Come In. The Door is Open.

Born into the Great Depression, Herb’s first years testify to the tension between need and charity. Farm families in Kansas suffered.  Drought desiccated crops. Herb never went hungry but recalls repeated meals of steamed wheat and lard gravy. Surely his mother awoke each day aware of scarcity and hunger.

The family farm sat along US 50 and across from the Cottonwood River and the Atchison,Topeka, and Santa Fe Railway. In the thirties itinerant men rode the railways, some seeking work, some escaping arrest, all of them hungry.

Strangers would walk up the lane to the Simmons’ back door and offer to work for food. Since there was little to offer in work, Anna Simmons would dip into the family’s meal pot and hand a bowl of beans or stew or steamed wheat through the door to a grateful, hungry man.

In chapter 20 of Steinbeck’s novel Grapes of Wrath, the Joad family sets up in Hooverville in Southern California.  Ma Joad feeds her family inside their tent away from the hungry stares of starving children drawn to the family’s campsite by the smell of cooked beans.

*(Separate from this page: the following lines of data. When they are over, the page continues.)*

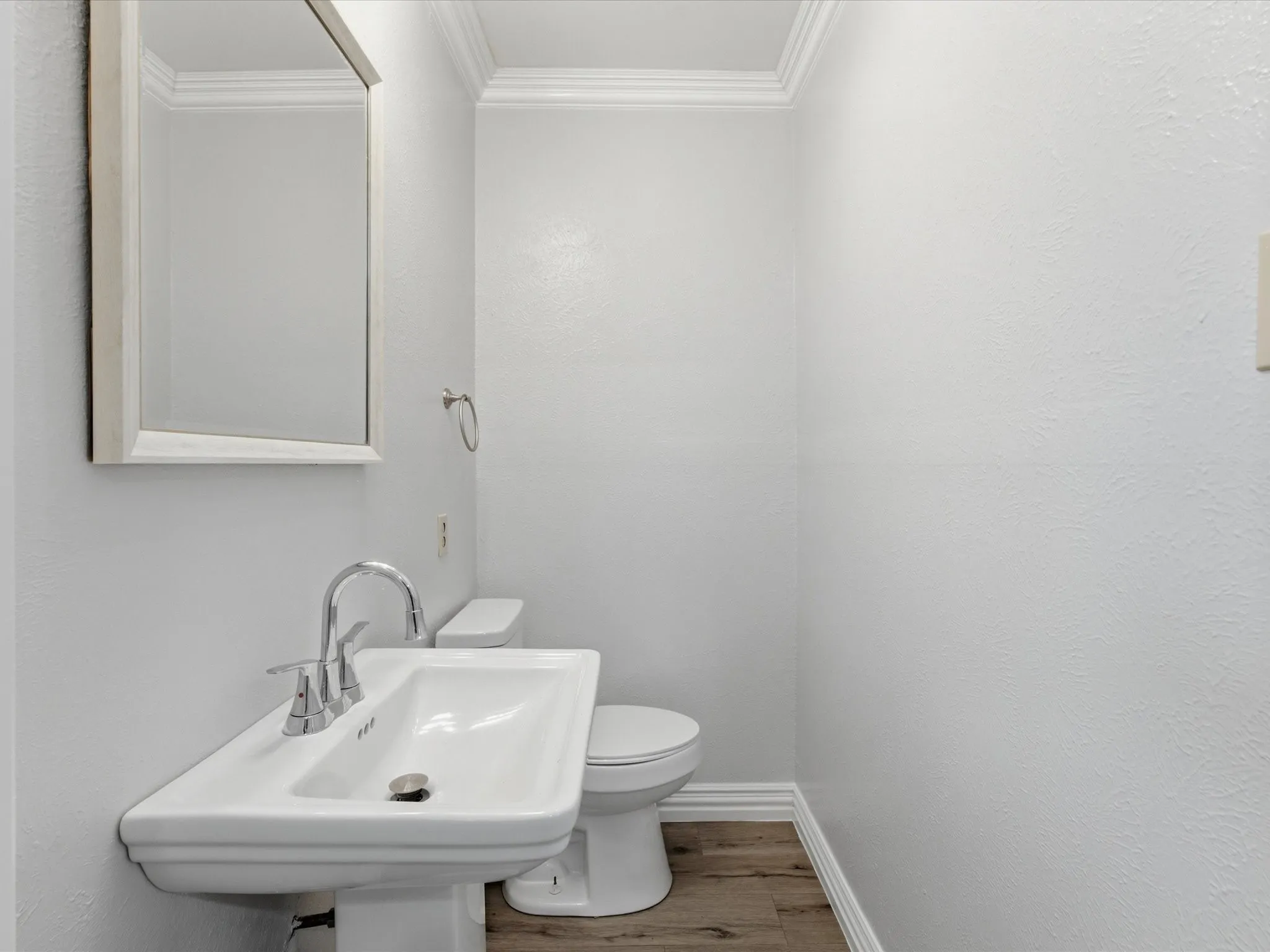 Pedestal sink with chrome fixtures and framed mirror, complemented by wood-finish flooring, white baseboards, and crown molding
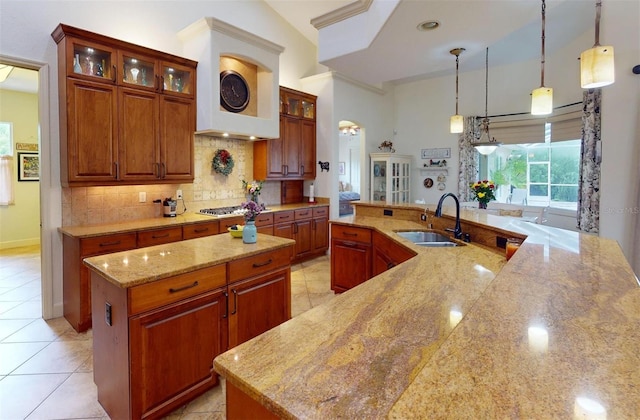 kitchen with sink, hanging light fixtures, light stone countertops, light tile patterned floors, and a large island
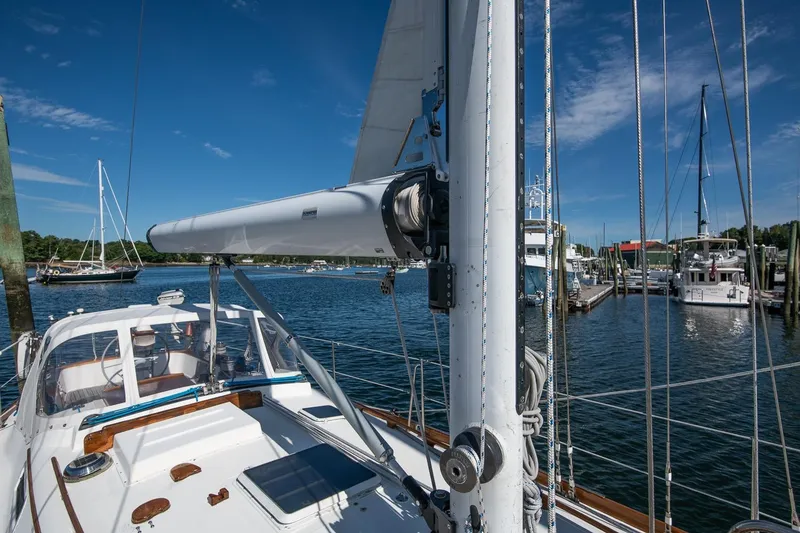 Slide: The Image of Sailboat docked in marina, Hank Hinckley OC42, 1984 model, under clear blue sky. - 16
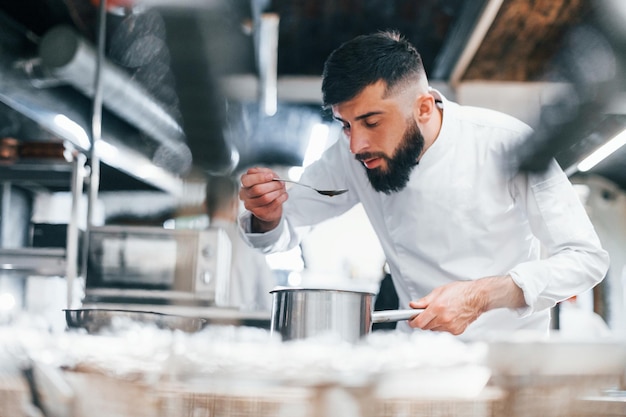 Koch in weißer Uniform, der Essen in der Küche kocht Beschäftigter Tag bei der Arbeit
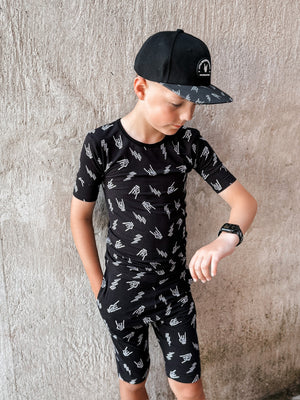 pre teen boy wearing bolted bones 2 piece bamboo pajamas for kids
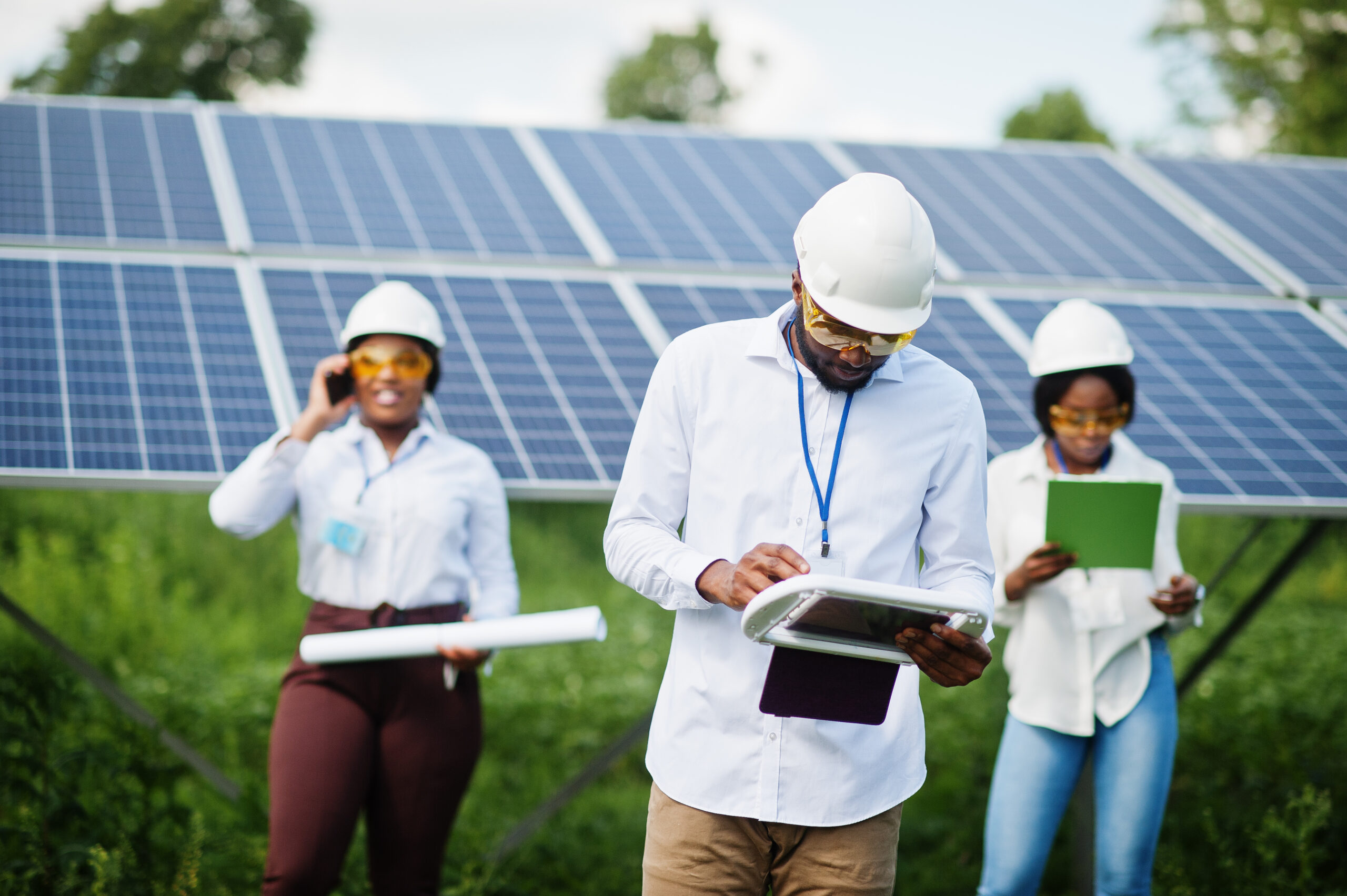 african american technician checks maintenance solar panels group three black engineers meeting solar station 1 scaled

Imagine her dilemma of conscience, the tension between personal and community responsibility, the feeding of her own people and the sharing with others.  She cannot bear not sharing.  After ladling out food to her family of six, she tells the gathering crowd of hungry children to go get some bowls.  Her act of charity is sacrificial, stark, and poignant.

I don’t know about you, but if my children were hungry and the larder low, I’d think twice before handing out food to a ragged but polite stranger at my back door or shorting my family to feed the children of others.   But what could I say?  “I’m sorry” wouldn’t  ring true.  I’d be lying; dishonesty with a lack of charity would only compound my dilemma. “I’m out of food; we are starving too” wouldn’t  exactly be honest either.  Could I bring myself to say, “I’m so afraid my children will starve, I’m willing to risk your starvation for their sakes.”?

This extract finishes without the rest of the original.